A/D conversion design

　　In data acquisition, it is often necessary to convert analog signals into digital signals that can be recognized by the processor so that the data acquisition instrument can process and transmit the signals. This requires the use of A/D conversion circuits. From the perspective of conversion principle, A/D converters mainly include parallel comparison type, successive approximation type and dual integral type. The parallel comparison type has a fast conversion speed, which can reach tens of nanoseconds, but it is expensive and is generally not used unless necessary; the dual integral type A/D converter has a longer conversion time, generally reaching 40ms~50ms; the successive approximation type has a higher conversion speed, which can reach several microseconds, and the price is moderate. This design uses the AD7689 chip produced by ADI to perform A/D conversion on the filtered voltage signal. AD7689 is an 8-channel, 16-bit resolution, no missing code, charge redistribution successive approximation analog-to-digital converter (ADC) powered by a single power supply. AD7689 uses a simple SPI interface to write configuration registers and output conversion results.

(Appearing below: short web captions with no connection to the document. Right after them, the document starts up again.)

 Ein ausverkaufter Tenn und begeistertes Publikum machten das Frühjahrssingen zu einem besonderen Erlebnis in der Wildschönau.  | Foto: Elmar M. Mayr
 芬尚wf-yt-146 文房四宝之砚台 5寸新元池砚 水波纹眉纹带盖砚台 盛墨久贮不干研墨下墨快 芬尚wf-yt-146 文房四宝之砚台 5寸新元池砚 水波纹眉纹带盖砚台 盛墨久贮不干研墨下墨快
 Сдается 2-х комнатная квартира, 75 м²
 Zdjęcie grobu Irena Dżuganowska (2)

　　Audio acquisition design

　　One of the main features of embedded products is that CPU resources are limited. In order to reduce the burden of CPU in data processing and reduce the bandwidth required for data transmission, this design performs hardware compression encoding on the collected audio and video data. The MAS3587 chip produced by Micronas Semiconductor Design and Manufacturing Company is used in audio acquisition processing. The chip integrates preamplifier and A/D conversion modules, supports analog and digital serial and parallel input and output, and has MPEG1/2 layer3 format encoding and MPEG1/2 layer2 and layer3 format decoding functions. The chip contains a headphone driver module, and the analog output signal can directly drive the headphone without amplification. The audio acquisition circuit is shown in Figure 4. After receiving the analog signal input, MAS3587 first converts the analog signal into a digital signal through the A/D part of the chip, and then sends the digital signal output after A/D conversion to the chip's built-in MP3 compression encoding module to complete the MP3 format encoding. In Figure 4, S3C6410 initializes the MAS3587 chip through the I2C bus, reads the audio data encoded in MP3 format through the handshake signal line and the parallel data line, and stores and transmits the data.

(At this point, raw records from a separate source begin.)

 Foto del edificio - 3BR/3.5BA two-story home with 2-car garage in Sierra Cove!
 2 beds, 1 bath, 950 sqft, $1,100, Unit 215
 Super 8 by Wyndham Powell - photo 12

　　Figure 3 A/D conversion circuit

　　Figure 4 Schematic diagram of audio acquisition

　　Other module designs

　　Video Capture

　　In video acquisition, because the S3C6410 processor integrates multimedia codec (MFC), supports MPEG4/H.263/H.264 codec and VC1 decoding, it can provide real-time video conferencing and TV output in NTSC and PAL formats. In addition, the S3C6410 integrates the CameraIF interface, supports ITU RBT-601/656YCBCr 8-bit standard, and the maximum input size is 4096×4096 pixels. This design makes full use of the on-chip resources of S3C6410 to complete video acquisition and hardware compression encoding. Video acquisition directly connects to the OV9650 camera through the CameraIF interface of S3C6410 to collect live video data, and then uses the MFC module built into the chip to perform hardware compression encoding of the collected video signal in H.264 format.

　　WIFI communication

　　The wireless communication with the host computer greatly reduces the environmental restrictions when collecting data. Wireless data collection has the advantages of convenient installation, flexible use, and easy expansion. The data collection location can be changed at any time, and it is also very convenient to upload data. In order to meet the requirements of real-time transmission of large amounts of data, the data collector uses the 802.11n protocol to communicate with the host computer. The 802.11n protocol is a wireless transmission standard protocol of the Wi-Fi Alliance after 802.11a/b/g. It has faster data transmission speed and stronger signal stability than 802.11a/b/g. The purpose of the protocol is to achieve high-bandwidth, high-quality WLAN services, so that the wireless LAN can reach the performance level of Ethernet. Here, we use the RALINK RT3070 high-speed wireless network card. The network card driver supports embedded operating systems such as Windows CE and Linux, and is compatible with IEEE802.11b/g/n standards. It has the advantages of small size, stable signal, and fast data transmission speed (up to 150Mbps).

　　Conclusion

　　This paper takes the integrated acquisition of industrial field sensors and audio and video signals as the research content, and performs hardware compression encoding on the audio and video signals with huge data volume, saving the resource occupation and data transmission bandwidth in the CPU data processing process. Taking advantage of the high integration and fast data processing speed of the S3C6410 processor, a data acquisition instrument hardware platform integrating the acquisition, processing and transmission of multiple physical quantities is designed. The acquisition instrument has the advantages of small size, high integration, stable signal and flexible use. It can be used for data acquisition and monitoring in underground mines, power stations, factories and other places, and has broad application prospects.